20 In a similar vein, in Asahi Holdings (Australia) Pty Ltd v Pacific Equity Partners Pty Ltd (No 4) [2014] FCA 796, Beach J said at [29]:
[T]he applicants bear the onus of establishing the claims, including each factual element necessary to establish the requisite dominant purpose. In that respect, focused and specific evidence is required in respect of each communication, rather than mere generalised assertion let alone opaque and repetitious verbal formulae. There should be sufficient evidence which proves directly or by inference that the dominant purpose for the communication was for the relevant client to be given or to obtain legal advice. The communication also has to be confidential.
21 The above authorities in relation to the sufficiency of evidence required to substantiate privilege claims have been cited with approval on a number of occasions: see, e.g., AusNet Electricity Services Pty Ltd v Liesfield [2014] VSC 474 at [116]-[118]; Construction, Forestry, Mining and Energy Union v Port Kembla Coal Terminal Ltd [2015] FCA 282 at [19]; Australian Competition and Consumer Commission v Yazaki Corporation [2014] FCA 1316 at [37].
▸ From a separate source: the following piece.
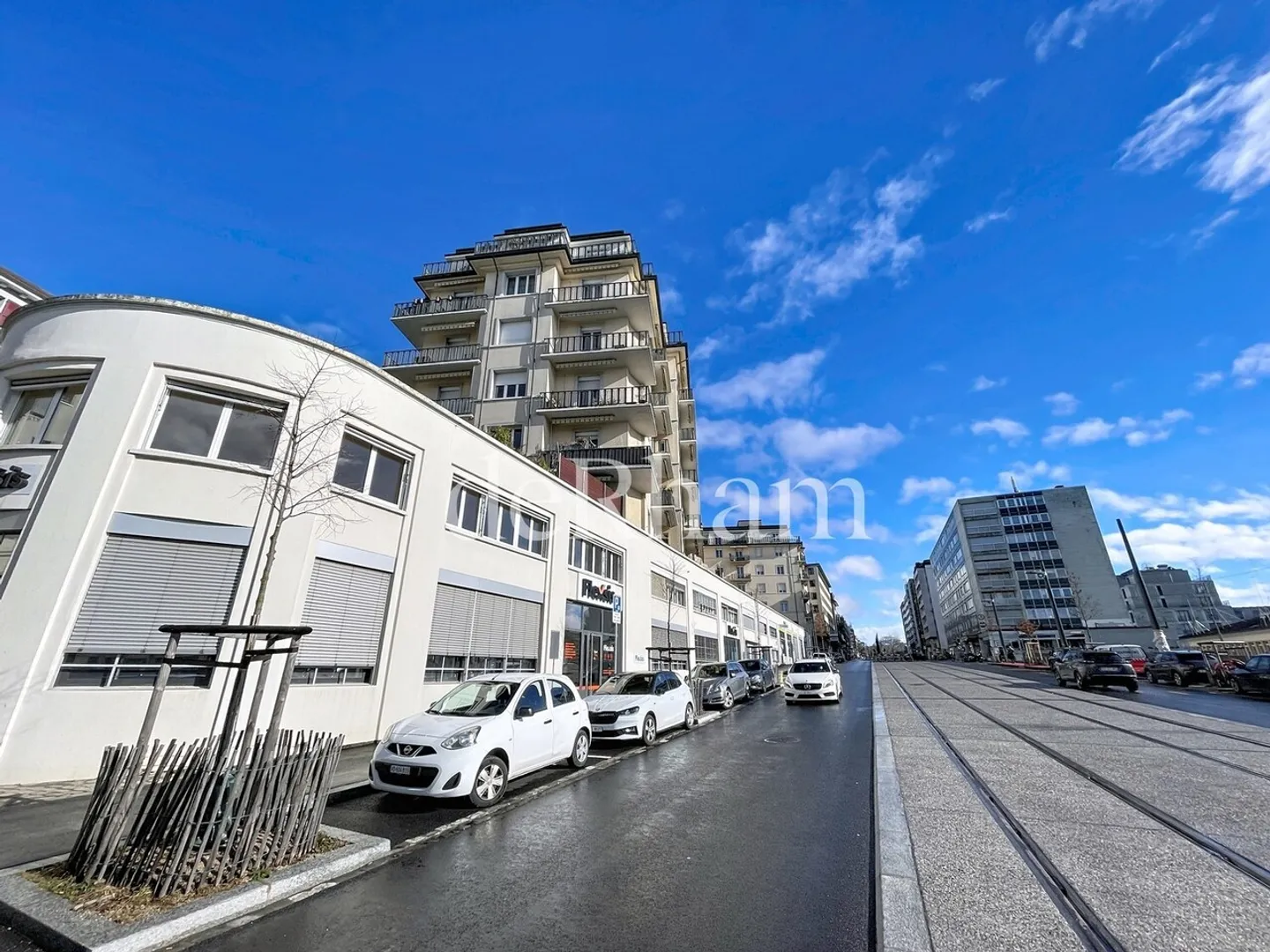 Magnificent 3.5 rooms fully renovated! - Photo 5 of 7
22 The only substantive observation the Commissioner sought to make was that while it can be accepted that there is a relevant distinction between the internal communication of externally obtained legal advice on the one hand, and a recommendation of an officer of the client having regard to that advice on the other hand (see [16] and [17] above), caution must be taken in relation to assessing such recommendations. The Commissioner submitted that where a recommendation itself reveals, directly or by implication, the content of the underlying privileged communication, it will itself be privileged - albeit, only to the extent that it reveals the original privileged communication. Again, I do not disagree with this observation. Ultimately, the extent of any legitimate redaction will depend on the extent to which the text of the legal advice is interwoven with the text of the recommendation in the communication. If they are so interwoven that they cannot be separated, then the whole of the text of the advice/recommendation may be privileged; if they are separate, then only the text of the advice will be privileged.